• MATERIAL FOR THE TASK:

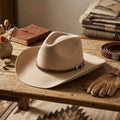 Cream Wool Felt Cowboy Hat with Brown Leather Concho Band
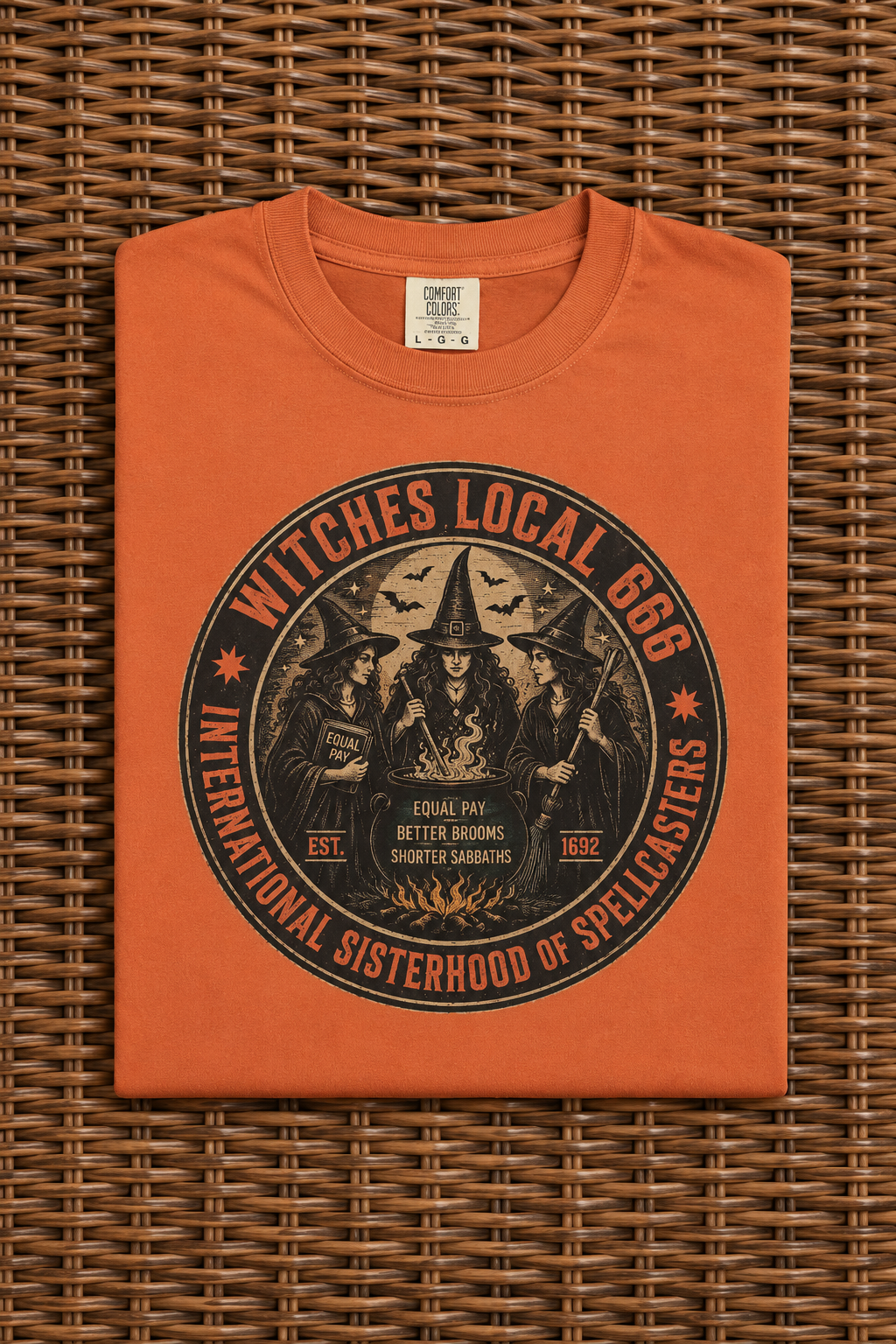 Witches Local 666 tee - Burnt Orange - Pinterest mockup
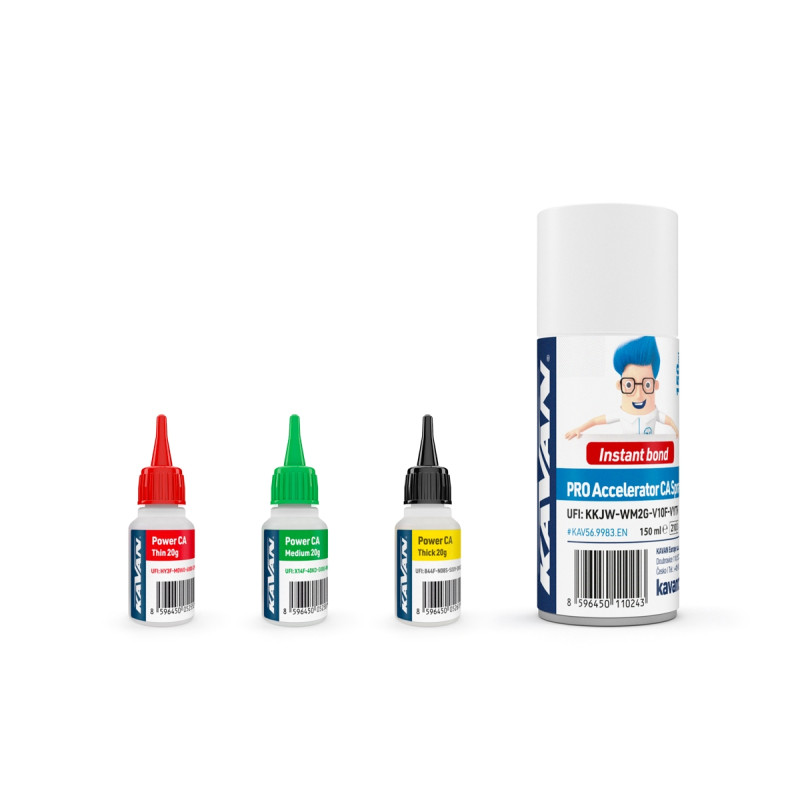 Lot accélérateur 150ml + 3x colles cyano KAVAN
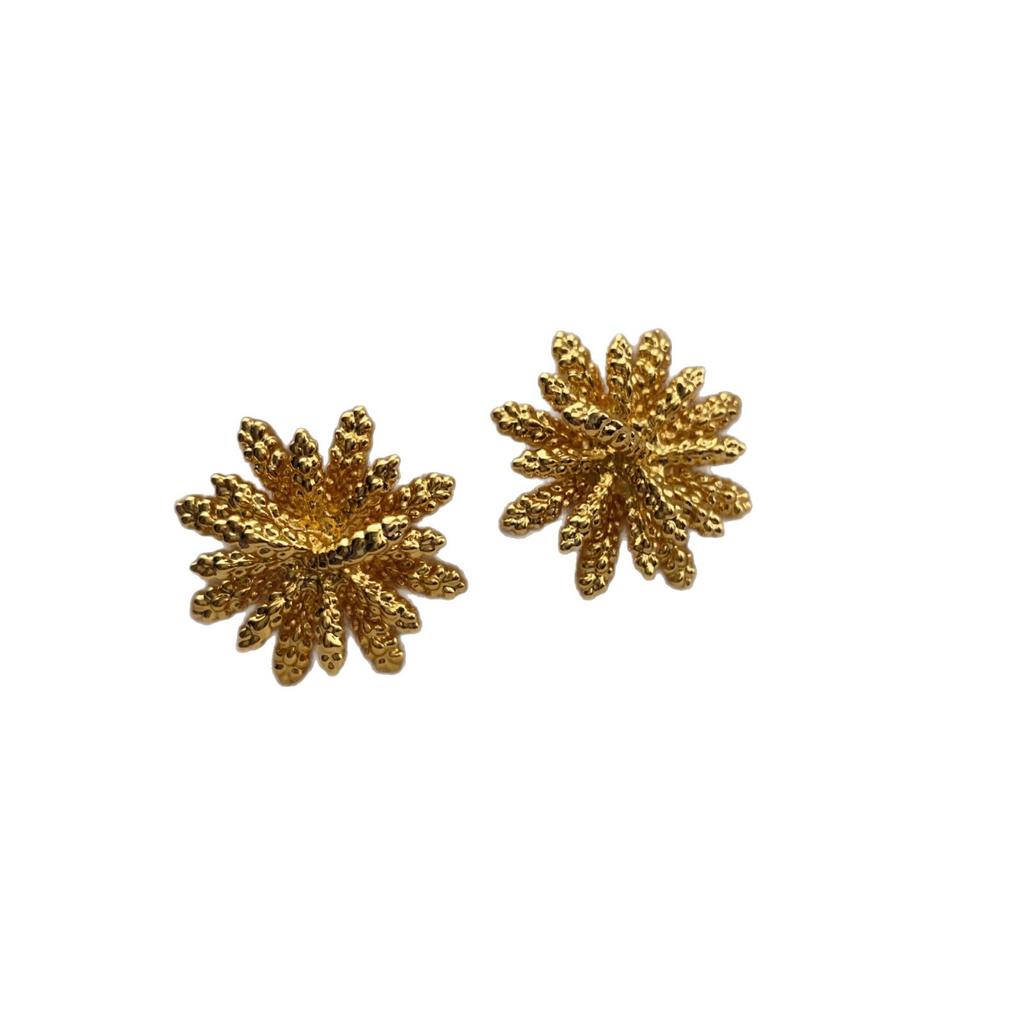 Gold And Silver Flower High-End Exquisite Stud Earrings, Earrings Temperament Niche Unique Beautiful Luxury Women'S Earrings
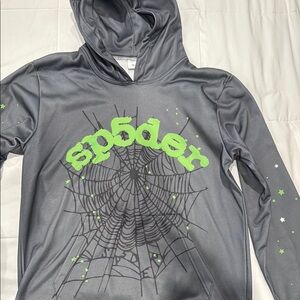 Gray Faux Spider Web Kids/Mens Hoodie
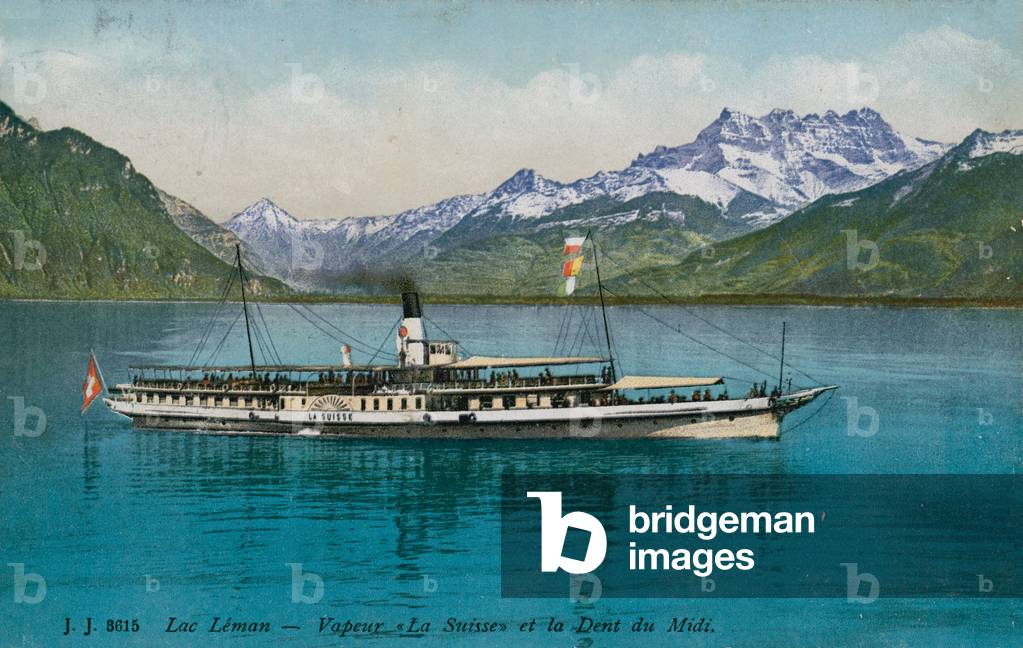 Bild von Fotografie "Genfersee - La Suisse Dampfboot. Postkarte 1913 gesendet.", 1913 von Swiss Photographer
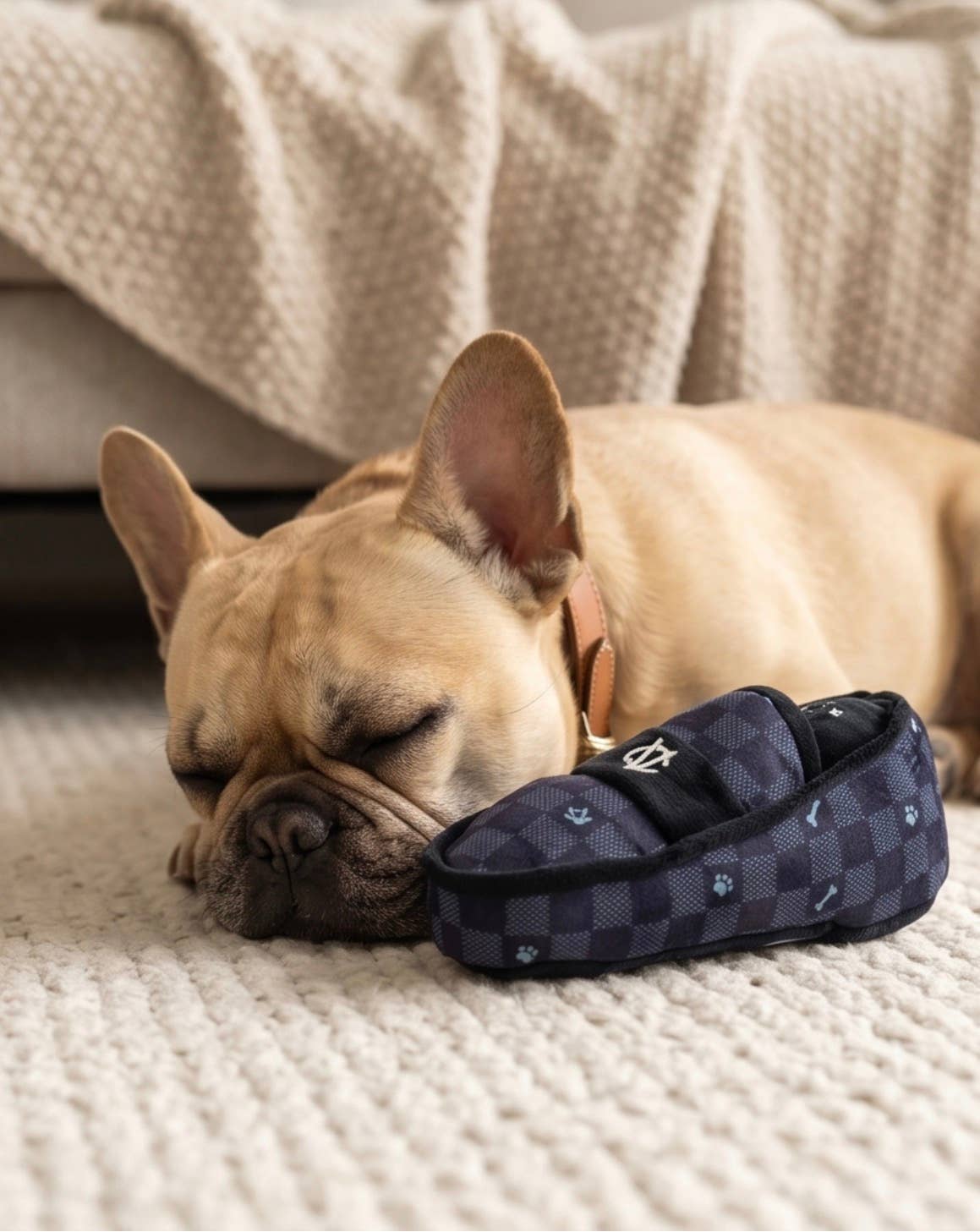 Black Checker Chewy Vuiton Loafer  | Squeaker Dog Toy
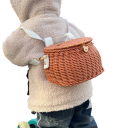 Coș de rattan pentru copii pentru bicicletă 18 x 15 x 13 cm PE Coș ușor pentru ghidonul bicicletei Coș de depozitare pentru jucării 2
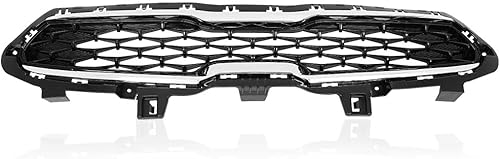 GRAND ORANGE Parrilla superior delantera con ribete cromado compatible con Kia Forte 2019 2020 86350M7010 86350M6000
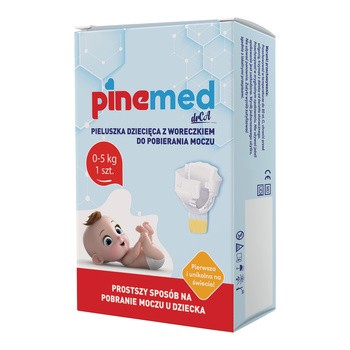 Pinemed, pieluszka dziecięca z woreczkiem do pobierania moczu, 0-5 kg, 1 szt.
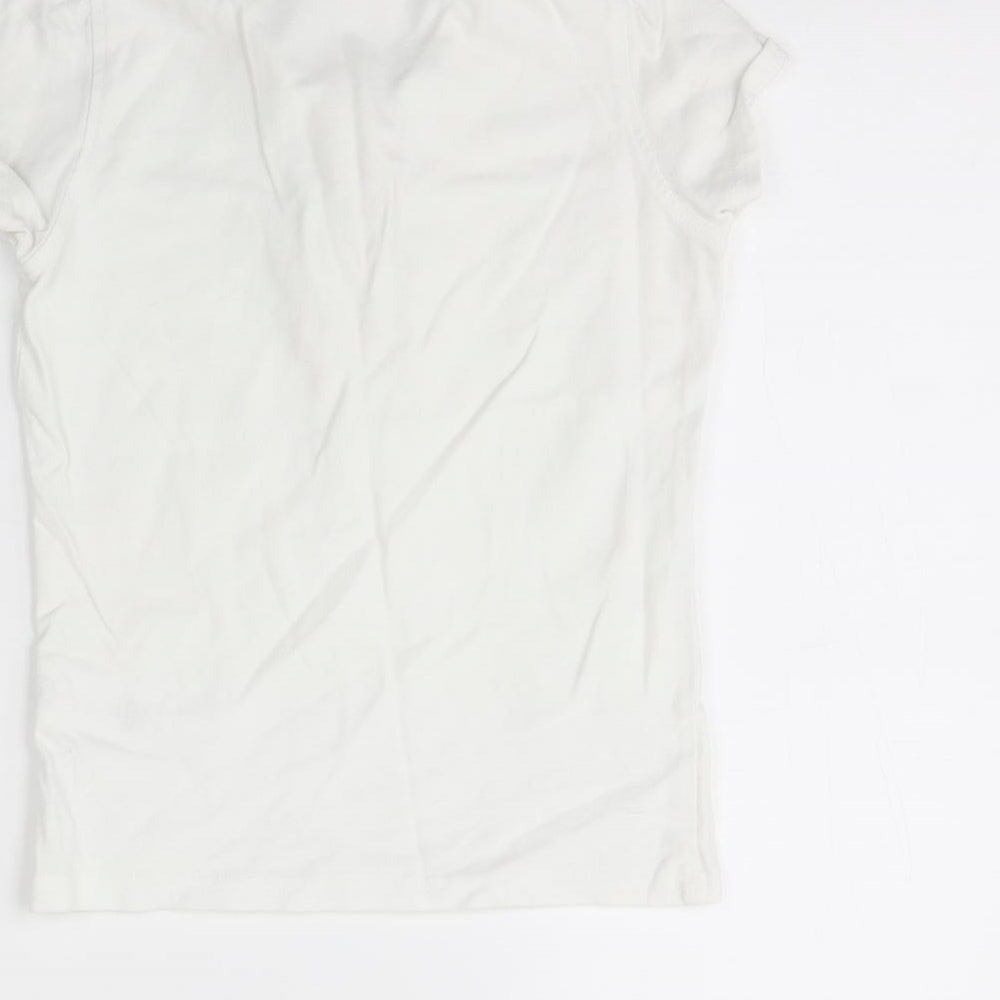 George Girls White  Cotton Basic Polo Size 10 Years Collared Button - School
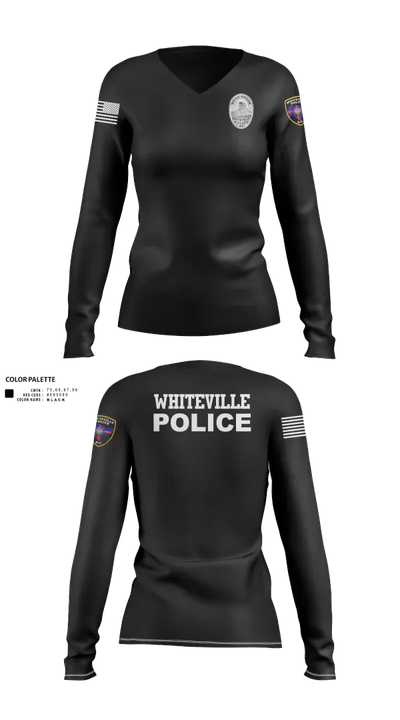 Whiteville Police Department 3573610 Women's Long Sleeve V-neck Shirt - 30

• BRIEF: Reproduce exactly the lines from the one containing "George Girls White" through the last line of the records, both included, leaving out every picture.

• TASK ANSWER:
 George Girls White  Cotton Basic Polo Size 10 Years Collared Button - School
 Whiteville Police Department 3573610 Women's Long Sleeve V-neck Shirt - 30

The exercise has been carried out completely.